A peine la dose prise, mon esprit s’était embué et me renvoyait à un âge où, tout adolescent que j’étais, je cherchais à fourrer mon doigt dans tout ce qui était rond et humide. A un âge où je rêvais des seins rebondis d’Elisabeth Shue dans Le Saint. J’avais envie d’être à la place de Val « Ice » Kilmer, ce foutu couillon avec ses incisives aux allures de Freedent. Alors, dans un passé pas tout à fait réel, pas tout à fait fantasmé, mes souvenirs me projetaient devant les yeux ces images de la première main, des premiers doigts chauffés par l’alcool, caressant la peau sablée à l’odeur de tequila citronnée, glissant sous le nombril d’un corps sans visage vers ces premières douceurs duvetées encore jamais conquises par l’homme.
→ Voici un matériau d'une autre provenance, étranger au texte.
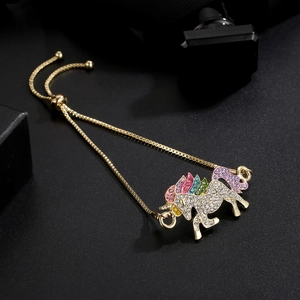Detail of adjustable gold unicorn bracelet with colorful sparkling crystals on black background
Deux titres sur ce 45 tours (et qui seront présents sur le nouvel album, la délicieuse réverb’ métallique en moins), « Candy Girl / Wish You Were Red ». Ca sentait la luxure dépressive, comme les Raveonettes ondulant dans un écran de fumée qui brouille les pistes, entre mémoire et hallucination volontaire. J’ai chéri ce 45 tours assez limité, espérant que le groupe deviendrait énorme, démontrant ainsi au monde entier quelle clairvoyance j’avais eu en plaçant ma confiance en ces deux pistes, isolées, sans images référentes, perdues dans la blogosphère.
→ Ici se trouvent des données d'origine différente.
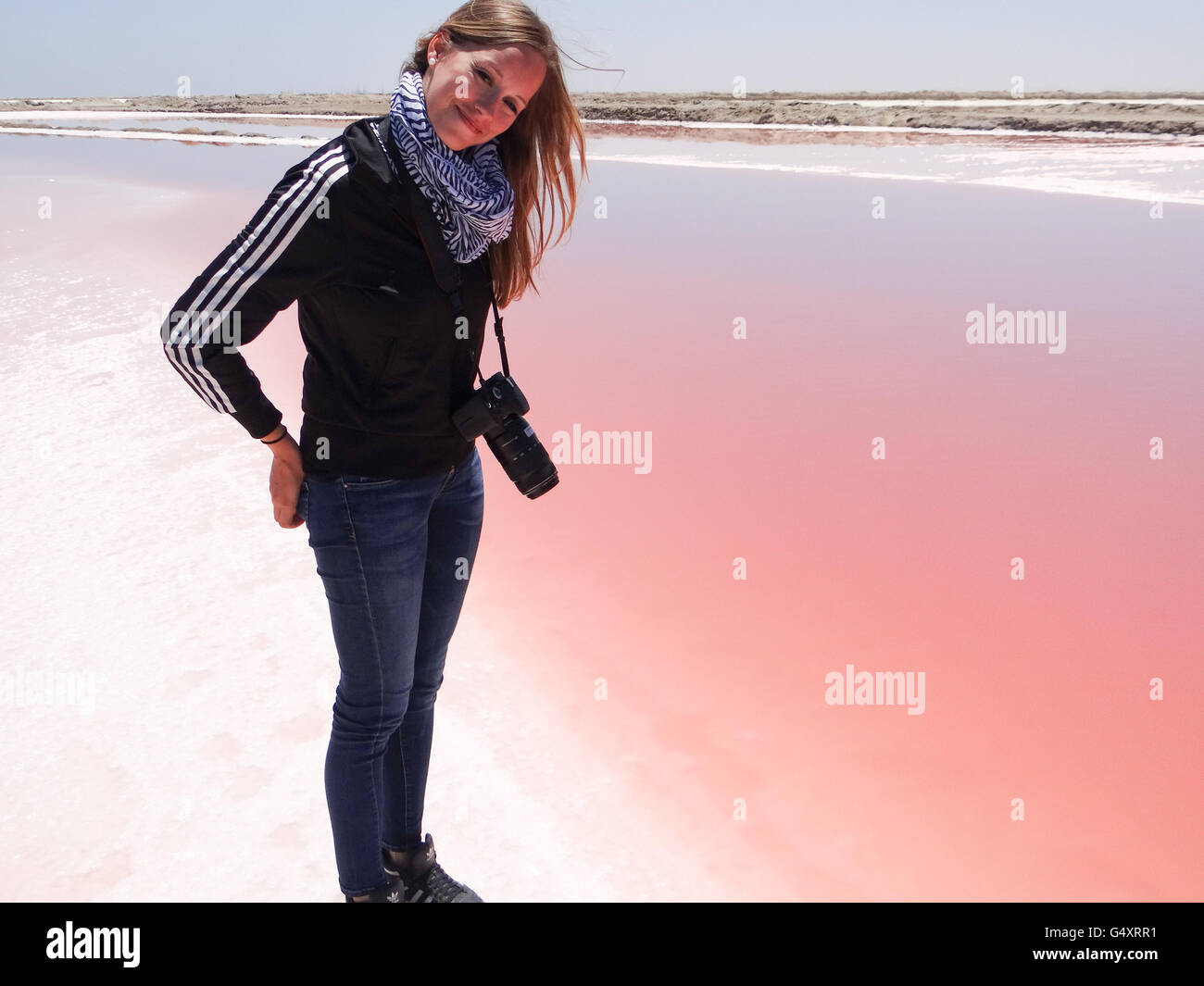 Namibia, Erongo, Walvis Bay, Dorob National Park, Woman in front of red saline water Stock Photo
Alors, je ne vous cache pas mon excitation et ma crainte vaguement masquée par de l’indifférence à l’annonce de la sortie de l’album. Et puis, je l’ai écouté. Et ça m’a rendu profondément triste. Pas dans le bon sens du terme, pas nostalgique. Non, plutôt dégoûté. Comme l’impression que pendant ce laps de temps, qui m’a semblé une éternité, les Trailer Trash Tracys ont dû virer un de leurs musiciens pour le remplacer par un geek comptable qui programme sa boîte à rythme comme sa calculette graphique Texas Instrument avant le bilan de fin d’exercice. Les nouvelles pistes, dont je ne prononcerai même pas le nom, tentent vainement de faire voyager l’auditeur sans pour autant le faire décoller. La faute à cette espèce de samba neurasthénique pour hypeux qui ont mal à la vie. Parce que ouais, cet album va faire parler de lui. Ester va être « hype » par son côté chic et trendy et « je-prends-quoi-avec-mon-Seroplex?-Whisky-ou-vodka? ».
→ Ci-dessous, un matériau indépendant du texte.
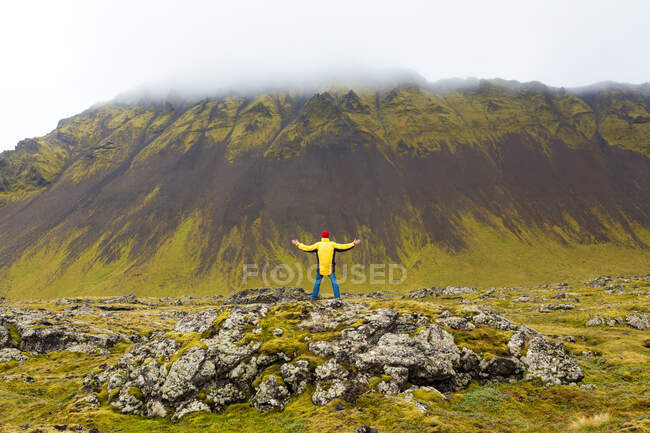 Hombre de pie sobre rocas, Península de Snaefellsnes, Islandia Occidental - foto de stock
J’ai une théorie toute personnelle : une chanson est bonne si on peut en faire une analogie sexuelle cohérente. On aurait donc ici, pour ces viles compositions de remplissage, l’équivalent d’une partouze entre Ronald Mc Donald et des travelots brésiliens défoncés. Non, sérieusement, rien de leurs nouvelles créations ne me rendra mon passé tant rêvé, concentré dans ce petit bout de vinyle rouge et ces deux titres qui sauvent tout l’album du déshonneur.